Dataset section START
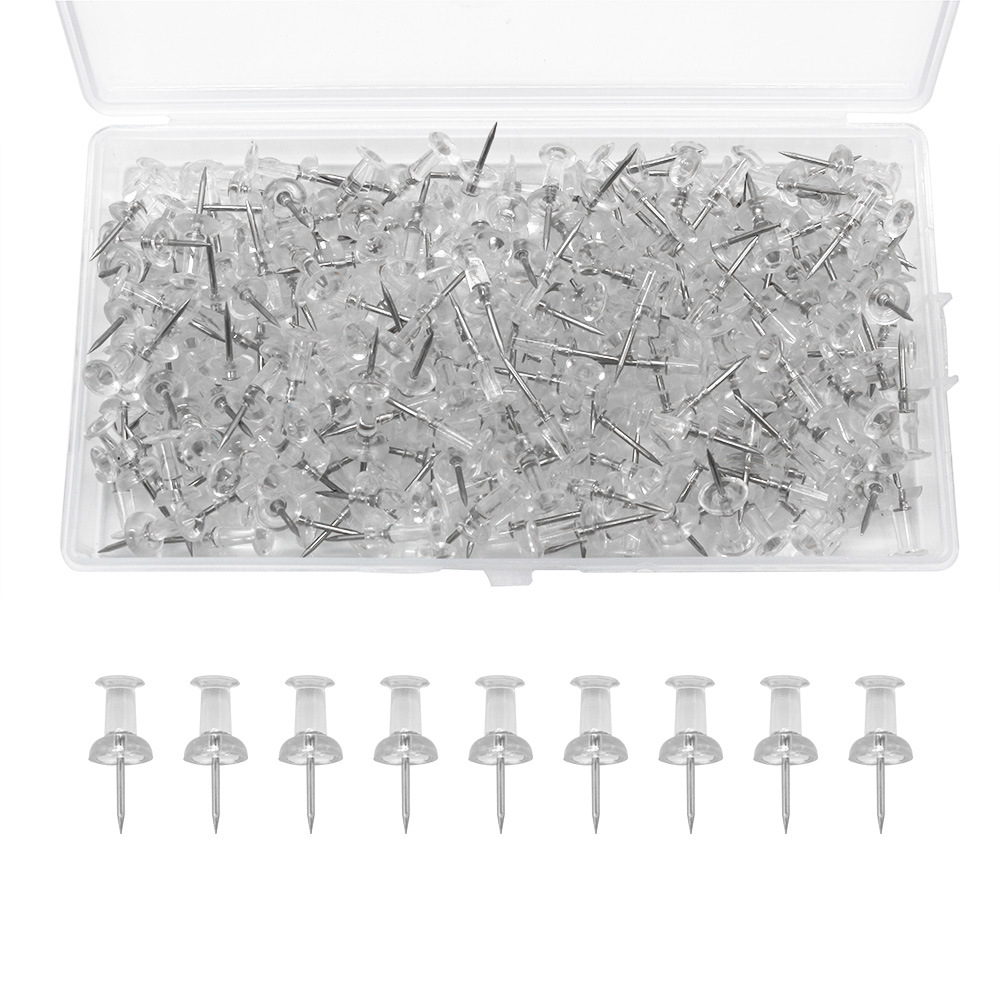 Transparent Thumbtacks 200 Pieces Per Box For Office Corkboards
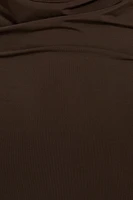 Deep Plunge Cowl Neck Mini Dress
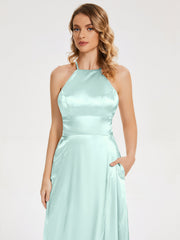 Halter Soft Satin Dresses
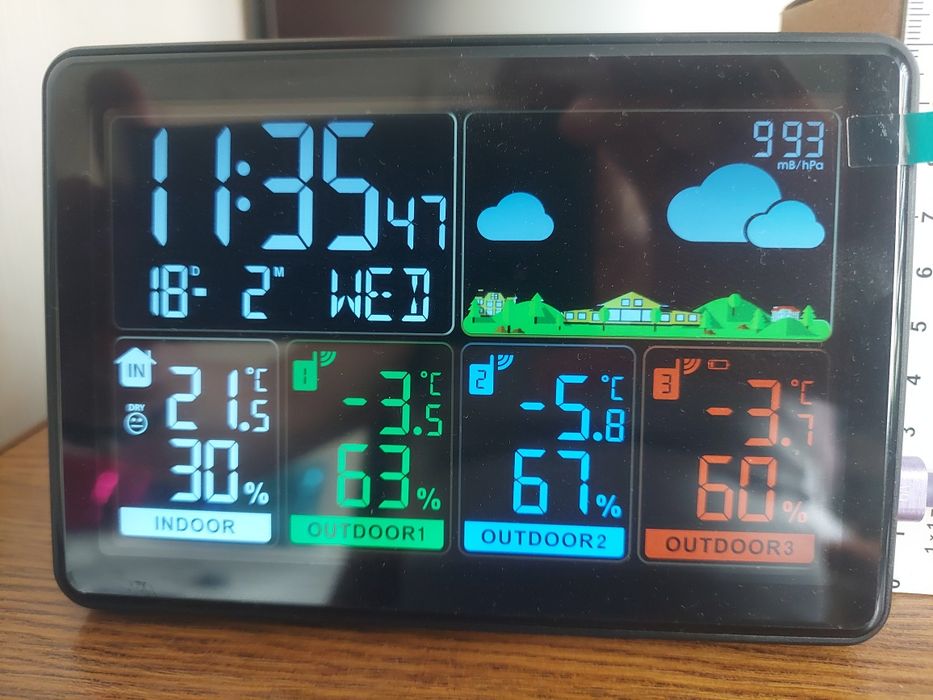 Багатофункціональна бездротова метеостанція AN0927C  із 3-мя зовнішнім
Dataset section END
Instructions for the task:
Please print the data above once more, exactly and without images.

Answer to this task:
 Transparent Thumbtacks 200 Pieces Per Box For Office Corkboards
 Deep Plunge Cowl Neck Mini Dress
 Halter Soft Satin Dresses
 Багатофункціональна бездротова метеостанція AN0927C  із 3-мя зовнішнім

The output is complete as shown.